BULK LOAD & OPENROWSET
The OPENROWSET function is tempting because the text file can be viewed through the select clause. It is a more difficult function to use because of the need for a format file.
SELECT a.*
FROM OPENROWSET( BULK 'C:\_stuff\2007_08\sample_web_log.txt',
FORMATFILE = 'C:\_stuff\2007_08\sql_bcp_format.fmt'
) AS a;
The simplest -- and most robust-- way to read a file is to copy it into a table using BULK INSERT.
create table [dbo].[log_file]( data varchar(max) null)

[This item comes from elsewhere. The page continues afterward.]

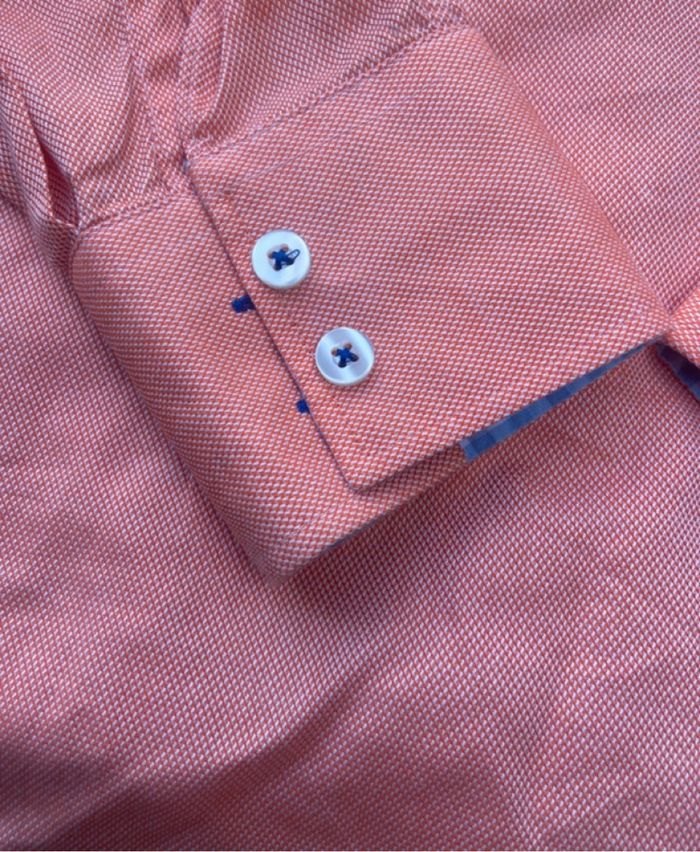 Chemise Pêche Casual Chic - photo numéro 8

BULK INSERT [dbo].[log_file]
from 'C:\_stuff\2007_08\sample_web_log.txt'
with
(codepage = 'acp'
,datafiletype = 'char'
--,fieldterminator = ','
,firstrow = 1
--,lastrow = 3
,rowterminator = '\n')
--This minimalist bulk insert works for most files
BULK INSERT [dbo].[log_file]
from 'C:\_stuff\2007_08\sample_web_log.txt'
with (datafiletype = 'char',rowterminator = '\n')

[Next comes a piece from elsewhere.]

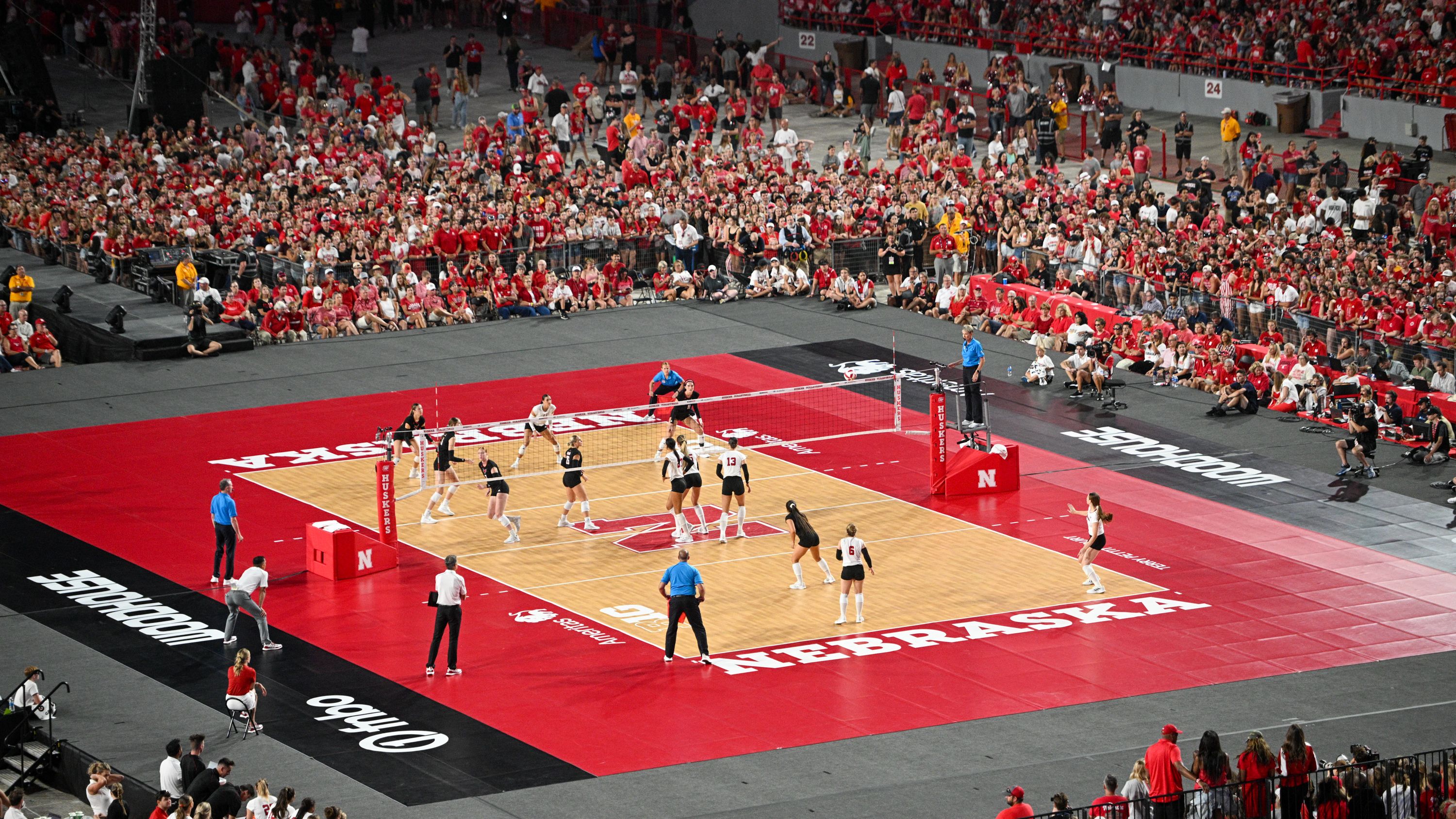 Volleyball Day in Nebraska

Ounce the text data is loaded it is useful to have a numeric column to uniquely identify each row. I use "alter table" to add an identity column named "line_nr".
Alter table is a "logged" operation and may take significant time and I/O resources to complete. Performance would have been better if we added the identity column when creating the table. Unfortunately since the table may be loaded by parallel streams identity values may not match the physical order in which the rows where loaded.

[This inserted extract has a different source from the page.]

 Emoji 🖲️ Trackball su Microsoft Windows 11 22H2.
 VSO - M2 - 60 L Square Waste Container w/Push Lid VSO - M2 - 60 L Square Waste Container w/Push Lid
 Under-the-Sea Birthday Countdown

By adding the column after the data is loaded the identity value matches the physical order of rows.
Note that ounce the clustered index has been added "BULK LOAD" operations will no longer be "non-logged". I/O for non-logged operations are significantly higher.
alter table log_file
add line_nr int not null identity(1,1)
-- create a clustered index
create unique clustered index pk__log_file on log_file(line_nr)